We start with a brief overview of how machine learning models are built traditionally, without the help of autoML:

How Machine Learning Models are Built (Traditionally)

Traditionally, data scientists and subject-matter experts would need to spend a considerable number of hours every week doing what’s called feature engineering, which we detail in depth in our article Feature Engineering for Applying AI in Business – An Executive Guide.

In a nutshell, feature engineering involves figuring out the data relation between various variables, or “features,” that go into making a certain decision in terms of which algorithm(s) to use to build machine learning models.

For example, an eCommerce company may want to build a machine learning model for predicting the best product pricing to send to a certain segment of people. Subject-matter experts, in this case email marketers, would relay to data scientists the information they’ve used in the past for determining product prices for this segment and provide some context about the open rate data that’s available in the CRM software.

The email marketers would also provide the data scientists their thoughts on how to weight certain data before the data scientists feed it into the algorithm.

This process can take months and continues after data scientists build and test the initial machine learning algorithm. The eCommerce company might find that the product pricing the model suggests isn’t garnering the results they expected them to, in which case the data scientists and email marketers would need to reconvene to tweak the algorithm.

In addition, building machine learning models in-house requires powerful computers. Most businesses simply lack the compute necessary to run machine learning models. Computer hardware companies like NVIDIA are building processors specifically designed to handle machine learning, and established companies are unlikely to invest in upgrading their computers with these processors.

This leaves them with limited options when it comes to making using of artificial intelligence and machine learning.

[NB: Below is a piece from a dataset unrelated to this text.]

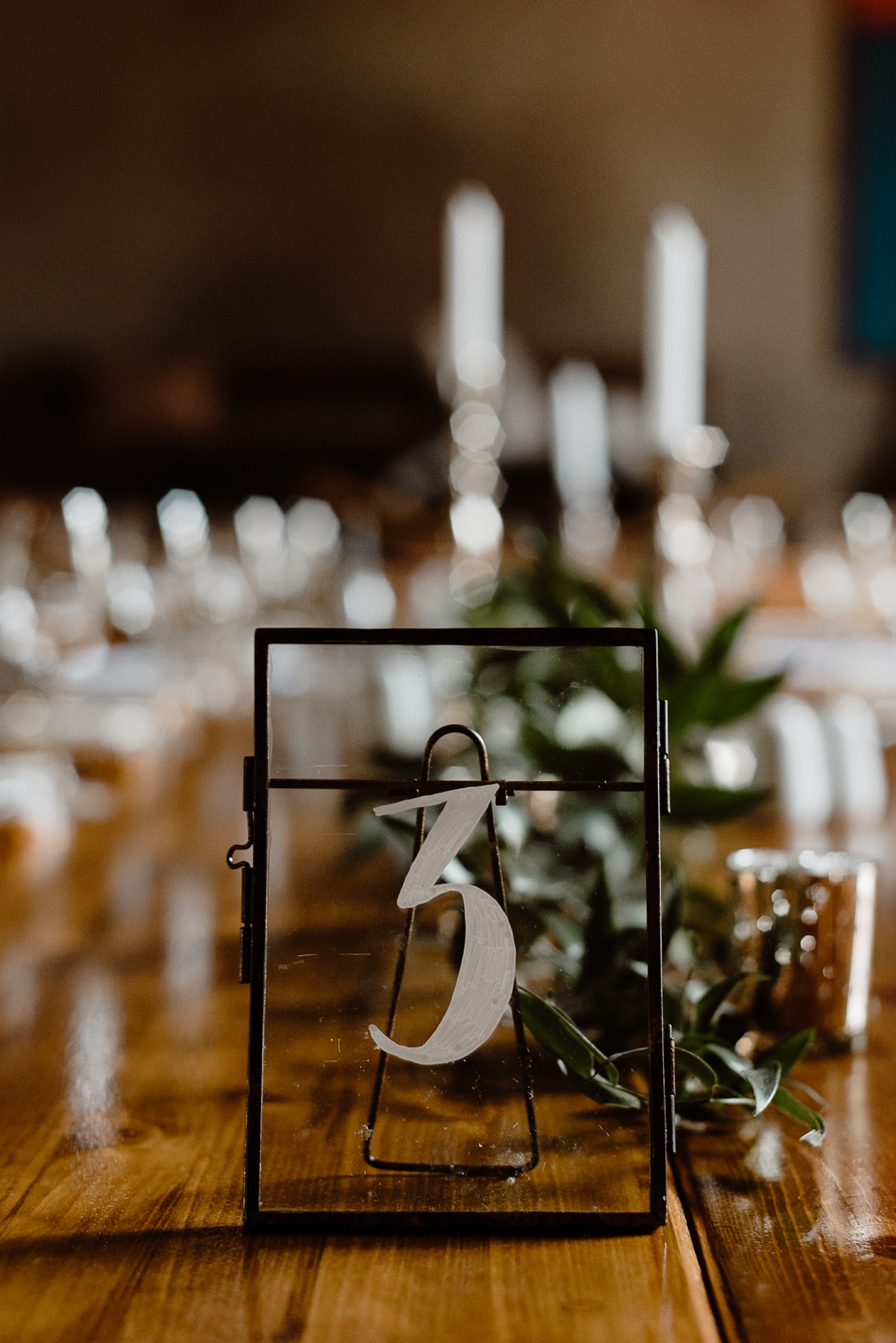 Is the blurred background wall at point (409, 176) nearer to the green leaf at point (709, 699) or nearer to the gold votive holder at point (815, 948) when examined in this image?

AutoML could in part help businesses overcome these challenges.

How AutoML Generates Machine Learning Models

Once a user company purchases a subscription or license for autoML software from a vendor like R2.ai, they could log into the software to start building machine learning models in the cloud. Building models in the cloud could allow companies without the necessary compute to use the compute of a company that does.

Additionally, autoML applications are built to automate the process of building machine learning models, at least to some degree. For example, R2.ai’s BizML software purportedly automates parts of the process including data quality check, data preprocessing, feature processing, algorithm selection, parameter tuning, model recommendation, and model monitoring. We could not verify if this was the case or not ourselves, however.

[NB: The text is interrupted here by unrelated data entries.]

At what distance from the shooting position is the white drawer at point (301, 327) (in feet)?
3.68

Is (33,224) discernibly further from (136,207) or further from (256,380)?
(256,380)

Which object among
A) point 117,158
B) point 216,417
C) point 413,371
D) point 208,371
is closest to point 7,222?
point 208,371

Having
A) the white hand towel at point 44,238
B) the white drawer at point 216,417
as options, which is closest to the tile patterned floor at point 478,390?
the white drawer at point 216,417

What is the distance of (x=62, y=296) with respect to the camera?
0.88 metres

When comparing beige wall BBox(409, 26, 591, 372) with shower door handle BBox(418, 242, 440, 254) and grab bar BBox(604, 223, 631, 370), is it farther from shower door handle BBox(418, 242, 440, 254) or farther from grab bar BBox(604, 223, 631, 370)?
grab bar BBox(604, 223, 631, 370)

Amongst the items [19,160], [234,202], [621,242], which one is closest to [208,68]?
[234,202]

AutoML software can vary in the processes that they automate, with some automating more than others. Users with data science and machine learning expertise can often overwrite the decisions that autoML systems make in order to calibrate models based on domain expertise.

Below is a brief overview of how most autoML applications work to generate machine learning models that are useable in business. The first three steps involve human input:

1. Set the Goal

The user provides the application with the goal they want the resulting machine learning model to achieve. This could be scoring leads or predicting the optimal payout on an insurance claim, for example.

2. Upload the Data

The user uploads a structured, labeled dataset into the autoML application. This step requires people at the company to collect and consolidate the data they need for the machine learning model to achieve the goal the company wants it to achieve. This is one part of the feature engineering process that autoML is unlikely to help with, as we discuss later in the article.

3. Set the Confidence Interval

The user provides a confidence interval or margin of error that they want the resulting machine learning model to work within. For example, the user could set the confidence interval to 90%, indicating that the resulting model must offer a prediction or suggestion only when it scores its prediction or suggestion as 90% accurate.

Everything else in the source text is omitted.